Ricordiamo diversi tipi di linfociti T: i linfociti T citotossici che sono in grado
di riconoscere una cellula self da una non self e indurre (in questo ultimo
caso) la rottura (lisi) della membrana cellulare con una proteina detta
perforina; e i linfociti T helper sono importantissimi, poiché "richiamano" e
attivano gli altri tipi di linfociti. ( questi viaggiano a stretto contatto con i
macrofagi. Dopo che un macrofago ha fagocitato e "digerito" una cellula
estranea, espone nella sua proteina MHC II (complesso maggiore di
istocompatibilità) un "pezzo" del batterio. In questo modo, e attraverso la
produzione di una proteina detta interleuchina 1, attira il linfocita T helper e
gli "passa" l'informazione su che tipo di cellula estranea si penetrata
nell'organismo. Il linfocita T helper produce allora due sostanze,
l'interleuchina 2 e l'interleuchina 4, che stimolano la riproduzione
rispettivamente dei linfociti T citotossici e dei linfociti B) .
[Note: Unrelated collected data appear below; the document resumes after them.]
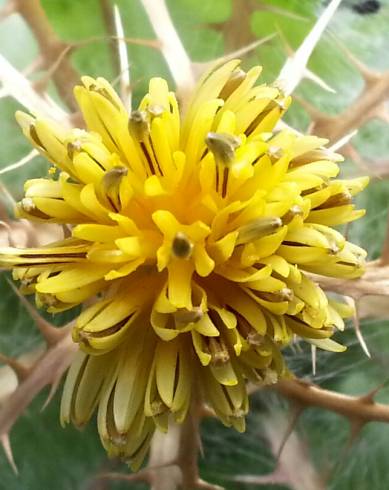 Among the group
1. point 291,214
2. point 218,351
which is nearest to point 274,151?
point 291,214

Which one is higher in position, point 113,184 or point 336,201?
point 113,184

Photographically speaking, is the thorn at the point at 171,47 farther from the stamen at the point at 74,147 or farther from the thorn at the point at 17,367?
the thorn at the point at 17,367

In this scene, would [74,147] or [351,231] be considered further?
[351,231]

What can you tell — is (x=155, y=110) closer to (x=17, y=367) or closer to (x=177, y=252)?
(x=177, y=252)

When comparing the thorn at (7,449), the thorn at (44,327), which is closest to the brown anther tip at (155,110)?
the thorn at (44,327)

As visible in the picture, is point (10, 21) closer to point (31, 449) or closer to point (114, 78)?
point (114, 78)

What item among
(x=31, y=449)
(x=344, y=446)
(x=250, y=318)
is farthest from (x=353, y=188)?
(x=31, y=449) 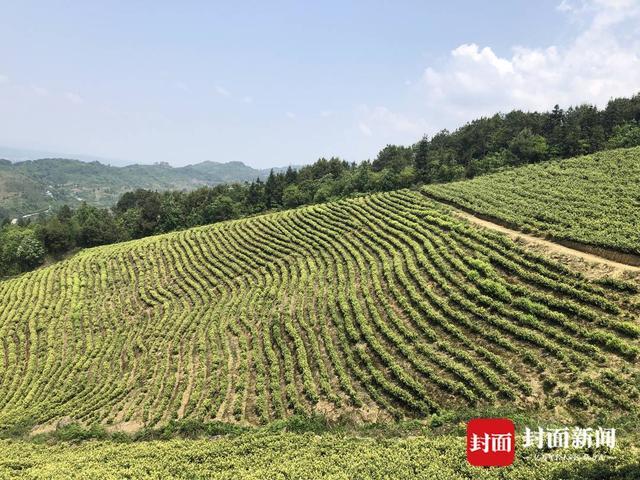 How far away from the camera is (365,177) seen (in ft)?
264

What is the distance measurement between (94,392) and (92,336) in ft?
29.6

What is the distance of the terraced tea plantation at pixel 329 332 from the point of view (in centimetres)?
1905

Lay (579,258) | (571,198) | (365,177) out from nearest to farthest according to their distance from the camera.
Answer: (579,258)
(571,198)
(365,177)

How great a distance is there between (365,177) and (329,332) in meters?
58.6

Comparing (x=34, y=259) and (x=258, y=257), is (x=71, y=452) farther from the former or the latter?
(x=34, y=259)

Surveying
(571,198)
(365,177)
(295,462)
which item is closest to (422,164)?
(365,177)

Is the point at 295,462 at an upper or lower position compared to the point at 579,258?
lower

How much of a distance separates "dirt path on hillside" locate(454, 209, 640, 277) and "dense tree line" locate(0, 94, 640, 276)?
38.9 meters

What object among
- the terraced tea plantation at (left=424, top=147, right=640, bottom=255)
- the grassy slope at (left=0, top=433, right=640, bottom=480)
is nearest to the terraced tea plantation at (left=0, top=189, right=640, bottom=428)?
the grassy slope at (left=0, top=433, right=640, bottom=480)

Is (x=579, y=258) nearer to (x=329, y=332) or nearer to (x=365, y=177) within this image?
(x=329, y=332)

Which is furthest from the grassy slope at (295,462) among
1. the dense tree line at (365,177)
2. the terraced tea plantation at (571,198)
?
the dense tree line at (365,177)

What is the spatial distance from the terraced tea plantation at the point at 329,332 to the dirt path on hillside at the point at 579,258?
1.40 m

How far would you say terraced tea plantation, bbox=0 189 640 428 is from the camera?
62.5 ft

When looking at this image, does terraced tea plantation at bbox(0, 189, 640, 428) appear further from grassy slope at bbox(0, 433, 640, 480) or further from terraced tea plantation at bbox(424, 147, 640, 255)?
terraced tea plantation at bbox(424, 147, 640, 255) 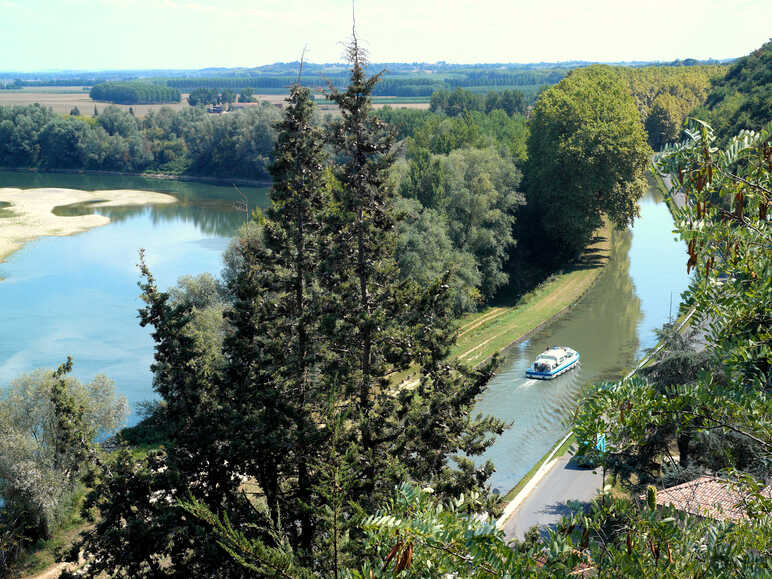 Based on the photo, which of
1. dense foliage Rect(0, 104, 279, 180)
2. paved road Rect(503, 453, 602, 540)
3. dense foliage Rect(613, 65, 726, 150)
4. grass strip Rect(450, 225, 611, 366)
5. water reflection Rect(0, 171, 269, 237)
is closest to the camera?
paved road Rect(503, 453, 602, 540)

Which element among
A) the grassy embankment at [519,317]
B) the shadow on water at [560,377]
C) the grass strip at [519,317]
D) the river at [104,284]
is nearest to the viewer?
the shadow on water at [560,377]

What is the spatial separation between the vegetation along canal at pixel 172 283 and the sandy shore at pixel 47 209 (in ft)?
6.61

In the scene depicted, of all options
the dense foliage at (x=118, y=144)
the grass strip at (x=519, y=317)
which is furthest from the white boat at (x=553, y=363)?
the dense foliage at (x=118, y=144)

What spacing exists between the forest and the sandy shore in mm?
32778

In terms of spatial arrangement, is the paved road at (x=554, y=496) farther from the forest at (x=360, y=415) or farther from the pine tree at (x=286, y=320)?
the pine tree at (x=286, y=320)

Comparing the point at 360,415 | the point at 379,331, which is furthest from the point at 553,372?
the point at 360,415

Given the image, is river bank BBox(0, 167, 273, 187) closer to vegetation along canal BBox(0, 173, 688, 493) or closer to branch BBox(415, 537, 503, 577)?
vegetation along canal BBox(0, 173, 688, 493)

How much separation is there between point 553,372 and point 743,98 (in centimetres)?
5217

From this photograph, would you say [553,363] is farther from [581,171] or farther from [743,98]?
[743,98]

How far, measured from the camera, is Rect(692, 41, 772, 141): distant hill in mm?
56188

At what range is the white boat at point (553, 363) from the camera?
107 feet

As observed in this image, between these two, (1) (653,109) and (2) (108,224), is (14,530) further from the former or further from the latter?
(1) (653,109)

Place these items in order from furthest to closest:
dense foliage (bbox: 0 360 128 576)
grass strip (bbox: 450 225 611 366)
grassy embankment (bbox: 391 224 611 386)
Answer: grass strip (bbox: 450 225 611 366) → grassy embankment (bbox: 391 224 611 386) → dense foliage (bbox: 0 360 128 576)

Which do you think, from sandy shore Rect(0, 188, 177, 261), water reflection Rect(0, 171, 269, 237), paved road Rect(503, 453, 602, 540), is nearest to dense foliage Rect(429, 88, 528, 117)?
water reflection Rect(0, 171, 269, 237) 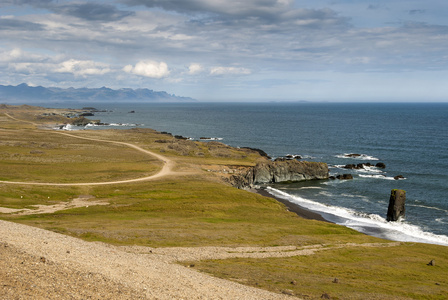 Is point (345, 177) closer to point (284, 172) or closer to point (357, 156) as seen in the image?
point (284, 172)

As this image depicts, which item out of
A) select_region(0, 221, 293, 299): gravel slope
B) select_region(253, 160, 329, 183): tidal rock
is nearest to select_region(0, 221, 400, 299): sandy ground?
select_region(0, 221, 293, 299): gravel slope

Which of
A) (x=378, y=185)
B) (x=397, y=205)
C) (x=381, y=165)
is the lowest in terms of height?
(x=378, y=185)

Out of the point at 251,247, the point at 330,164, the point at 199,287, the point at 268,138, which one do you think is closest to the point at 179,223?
the point at 251,247

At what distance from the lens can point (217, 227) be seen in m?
52.8

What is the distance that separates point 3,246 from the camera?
30531 mm

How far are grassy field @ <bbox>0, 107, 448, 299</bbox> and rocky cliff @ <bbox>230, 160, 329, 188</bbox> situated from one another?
31.5 ft

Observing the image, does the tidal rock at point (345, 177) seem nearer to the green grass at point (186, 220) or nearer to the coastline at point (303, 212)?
the coastline at point (303, 212)

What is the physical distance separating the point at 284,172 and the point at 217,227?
185 feet

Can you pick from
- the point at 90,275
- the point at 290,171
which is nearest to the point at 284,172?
the point at 290,171

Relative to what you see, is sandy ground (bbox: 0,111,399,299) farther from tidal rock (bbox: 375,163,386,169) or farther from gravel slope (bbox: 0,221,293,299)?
tidal rock (bbox: 375,163,386,169)

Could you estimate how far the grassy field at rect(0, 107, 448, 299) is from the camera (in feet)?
116

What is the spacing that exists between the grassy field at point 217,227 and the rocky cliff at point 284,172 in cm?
959

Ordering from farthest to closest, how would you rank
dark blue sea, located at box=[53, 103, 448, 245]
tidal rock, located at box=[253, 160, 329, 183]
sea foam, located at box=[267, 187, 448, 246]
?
tidal rock, located at box=[253, 160, 329, 183] < dark blue sea, located at box=[53, 103, 448, 245] < sea foam, located at box=[267, 187, 448, 246]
Quindi il linfocita T riconosce l’antigene, si moltiplica e reagisce in vari
modi: distruggendo direttamente le cellule nemiche, producendo sostanze
(linfochine) che potenziano l’azione dei fagociti; moltiplicando i fagociti,
ampliando così la risposta di difesa.
L'immunità acquisita, in conclusione, si caratterizza per la sua specificità ed anche per un'altra
importante peculiarità che è la memoria e che permette ai linfociti di rispondere prontamente
quando l'antigene, con cui hanno interagito in passato, si ripresenta.